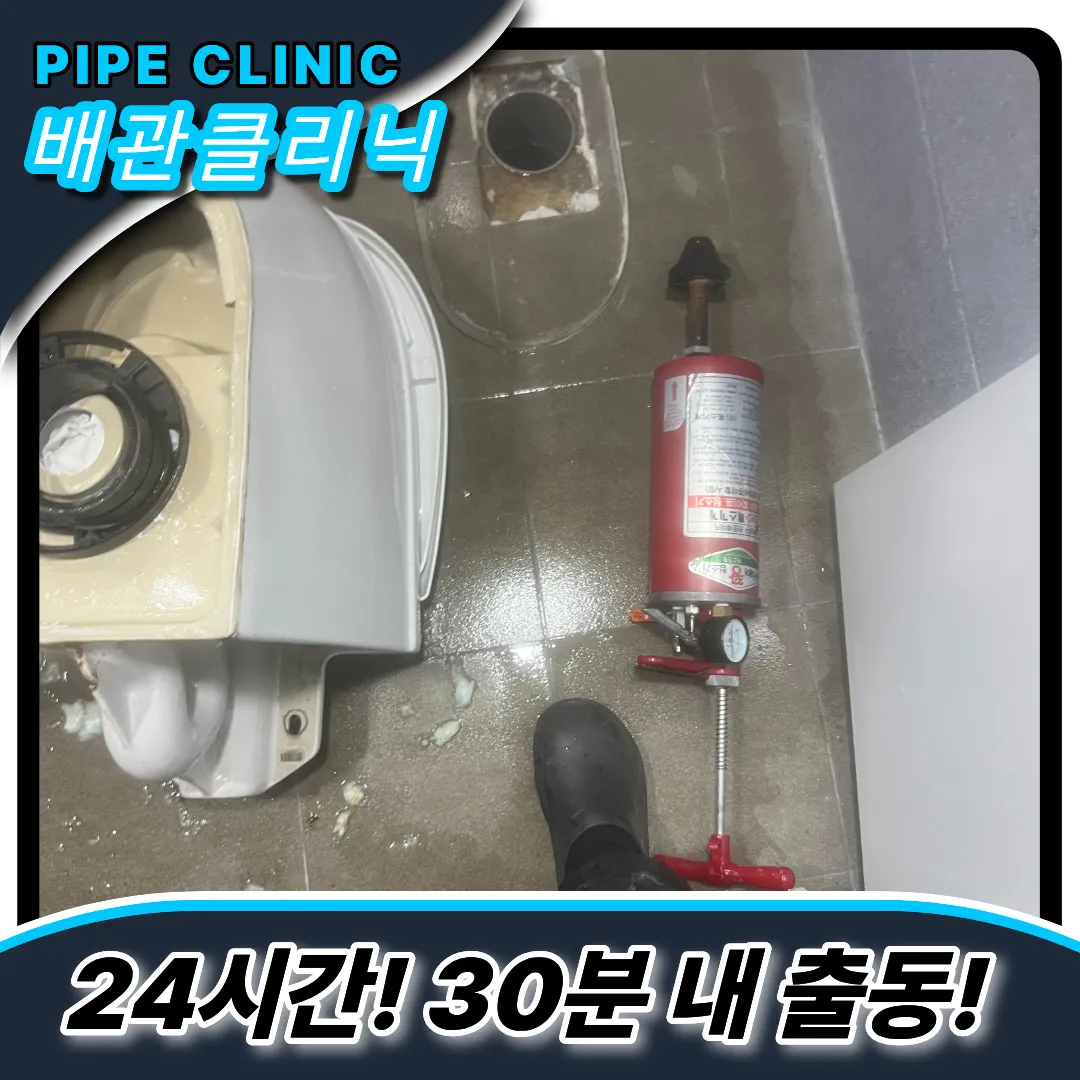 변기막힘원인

...

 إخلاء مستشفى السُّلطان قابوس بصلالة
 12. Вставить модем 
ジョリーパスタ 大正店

[DESCRIPTION OF THE TASK]: In the material above, transcribe exactly the lines beginning at the one with "إخلاء مستشفى السُّلطان قابوس بصلالة" and ending at the one with "ジョリーパスタ 大正店", both included.

[RESULT]:
 إخلاء مستشفى السُّلطان قابوس بصلالة
 12. Вставить модем 
ジョリーパスタ 大正店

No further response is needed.